Spring has been good. The fish are eager to eat my fly, but I'll wait for further reports on the fishing until I have the photos to accompany them. Spey casting, the Lower Lost, and the excitement of steelheading with one of the best female guides have filled my dreams and kept butterflies in my stomach.
I've been reading a lot about fishing, though. After I tie a few flies, it's a way to wind down before I go to sleep and I've been trying to catch up on some classics.
Roderick Haig-Brown's A River Never Sleeps occupied my time for the last week or so. I was expecting the worst; not only is Haig-Brown British, but the book is a classic. Added together, it usually means boring, pretentious, and wordy. I was surprised, however.

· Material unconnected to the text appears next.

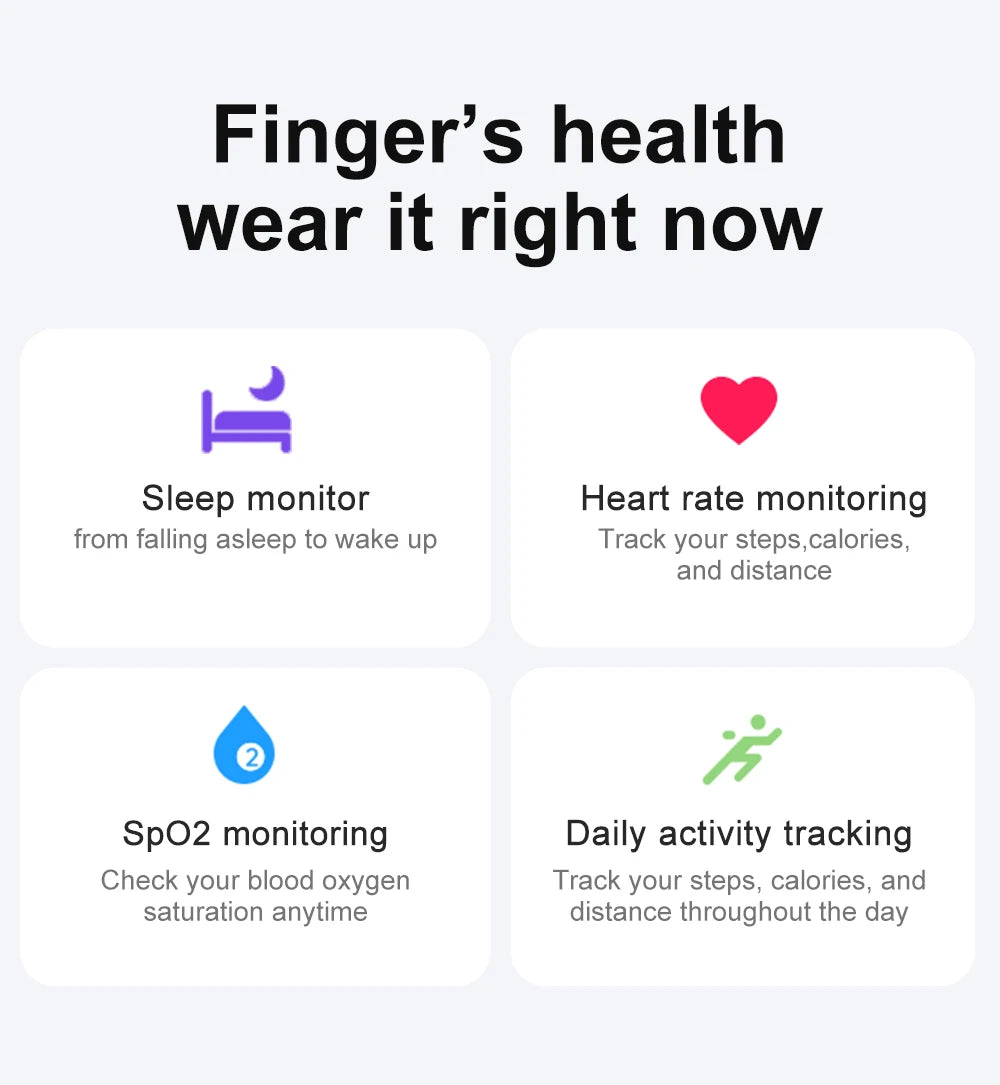 The Smart Health Ring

The author's chapters were by the month of the year, which is most logical, and something I don't think I've ever seen in a fishing memoir. He shares stories from his childhood in England, his adult life in British Columbia, and shares a few hunting stories in between. His love of fish, fishing, and the rivers is evident throughout the work.

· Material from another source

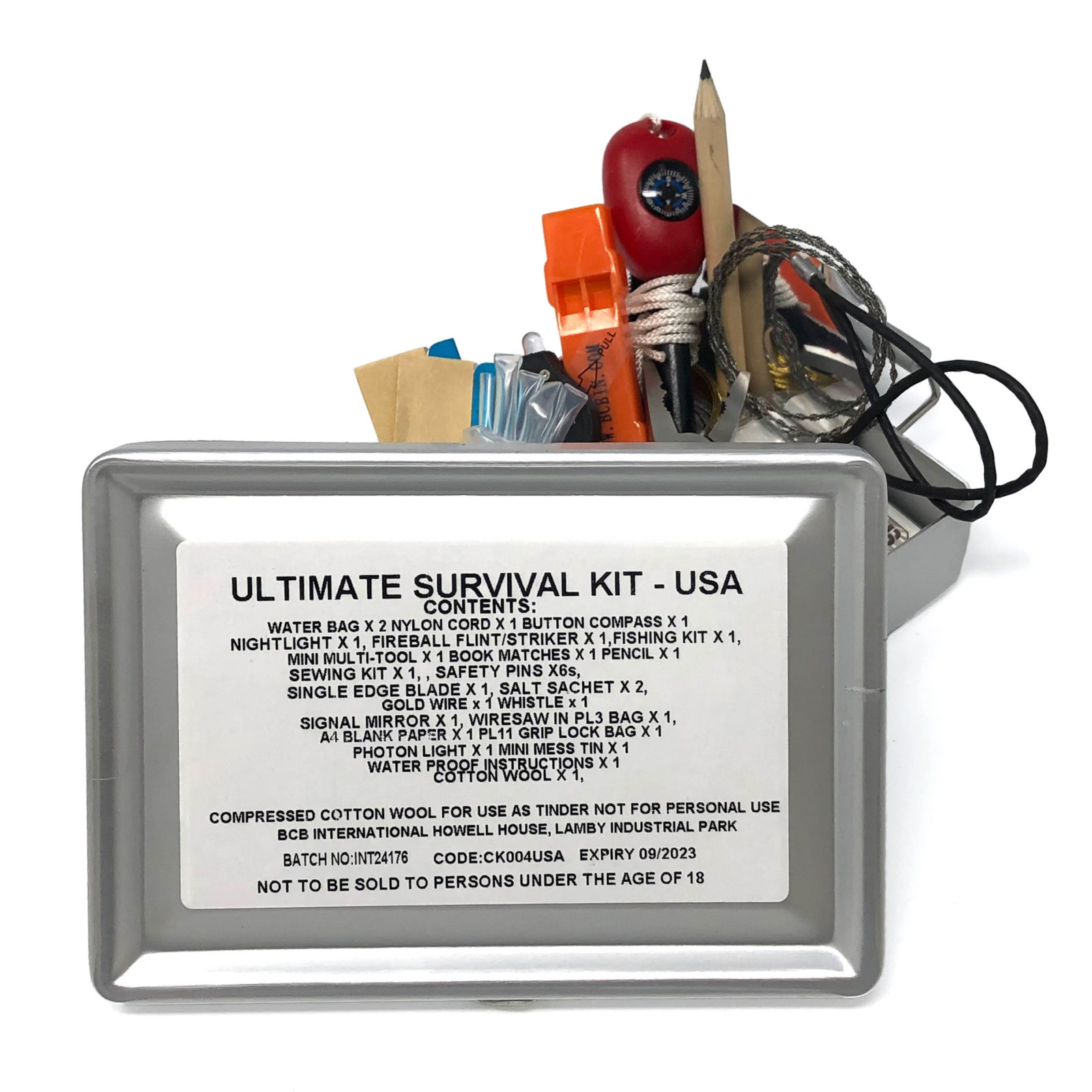 BCB International Ultimate Survival Kit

Something that I found particularly interesting was his fishing literature review at the end of the book. We all love a good fishing book and all know about The Compleat Angler and Dame Juliana, but it's nice to know that someone like Haig-Brown cared about fishing literature like I do.
Now I venture into one of the most important novels in fly-fishing history. I can't disclose the title because I'm too embarrassed that I have never read it. With time change, I'll be spending more time at the creek and more time on the Lost. No fishing haunts my dreams like Brown Drakes, though. They're coming.